KUALA LUMPUR (Reuters) - A Malaysian court on Tuesday suspended the trial of a woman accused of killing the half-brother of North Korea’s leader as her lawyers sought more time to seek written statements from witnesses.
Indonesian Siti Aisyah, 26, is charged along with Doan Thi Huong, a 30-year-old Vietnamese, of poisoning Kim Jong Nam with liquid VX, a banned chemical weapon, at Kuala Lumpur airport in February 2017.
Siti Aisyah was originally set to take the stand in January, after the court ruled in August that prosecutors had successfully established a case against her and Huong.

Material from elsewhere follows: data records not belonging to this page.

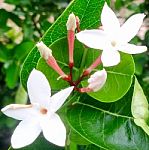 Carissa Carandas (bengal-currants) White Flower In Nature Garden.  Stock Photo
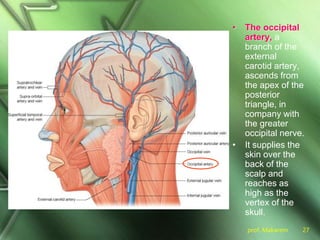 prof. Makarem 27
• The occipital
artery, a
branch of the
external
carotid artery,
ascends from
the apex of the
posterior
triangle, in
company with
the greater
occipital nerve.
• It supplies the
skin over the
back of the
scalp and
reaches as
high as the
vertex of the
skull.
 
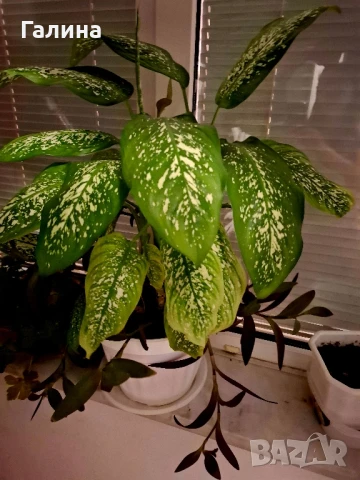 Дифенбахия + Пурпорно сърце, снимка 9 - Стайни растения - 51187234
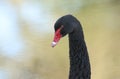 A head shot of a beautiful Black Swan, Cygnus atratus, standing on the bank of a lake. Royalty Free Stock Photo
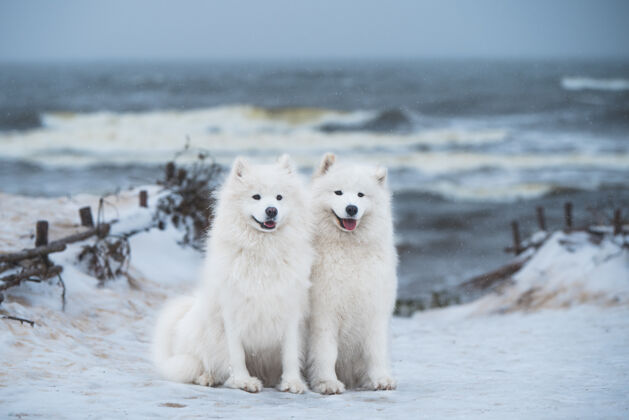森林拉脱维亚的雪海海滩上有两只萨莫耶德白狗户外幼犬冬天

But the trial judge on Tuesday ordered a stay to allow her lawyer to appeal a court decision not to compel prosecutors to turn over copies of statements made by seven witnesses.
Siti Aisyah’s lawyer, Gooi Soon Seng, said the documents were vital to her case, as five of the witnesses had gone missing.
“Without the police statements, it would compromise my client’s defence and be tantamount to a miscarriage of justice,” Gooi told reporters.
The court set Dec. 21 to decide whether the trial would continue with Huong’s defence or be postponed until Siti Aisyah’s appeal has concluded.
Defence lawyers have said the women thought they were playing pranks for a reality TV show and did not know they were poisoning Kim.
Kim Jong Nam, who was living in exile in Macau, had criticised his family’s dynastic rule of North Korea. Some South Korean lawmakers say the regime of his half-brother, North Korean leader Kim Jong Un, had ordered his execution. Pyongyang has denied the accusation.